Just met a female bro. Things are weird at the rugby party.
i came home at 4 a.m. and made a dozen eggs and three lbs. of bacon. my mom woke up and the only thing she was pissed about was that i used the whole carton of eggs, but then she sat down and ate with me
A 300 lb dude in a sundress yelling bible verses while wearing a raggedy anne wig is just as funny as I thought it would be. Thank you san francisco.
Can't a girl send out a 4 pm booty call anymore
His rich uncle has six months to live. I feel pregnant.
A beer fell out of the case, hit the ground and started spraying. He's a pro. He grabbed it and shotgunned it while still holding the case.
i think he saw me take a picture of his dick
I wanna throw up and cum in that order
Let's discuss options later this evening. I'll draw out said options and compare and contrast the "accessibility" of the costume for quickies. Because you never know. Halloween is full of surprises. I'll also compare practicality, level of skank, and creative features.

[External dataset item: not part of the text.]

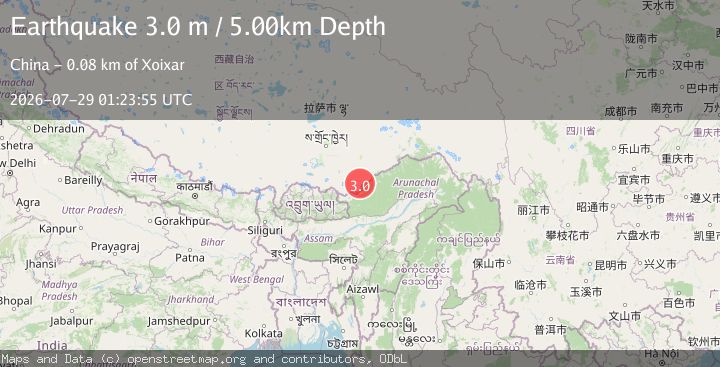Map of EASTERN XIZANG-INDIA BORDER REG.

the fat guy in me is very excited, and the skinny guy in me is very excited for the fat guy in me
I feel like Jeremy snapchattong while we're fucking is a perfect example of our generation..
Great news. Our sex broke my otter box
I offered to trade my cat for a bottle of tequila as long as it had a handle on it and realized I had a problem
he broke off the kiss to ask "can I grab your boob?" like props for asking for clear and concise consent but there HAS to be a sexier way to do it
But really, what kind of hoe life adventure in Mexico would you do that would top me blowing a trucker?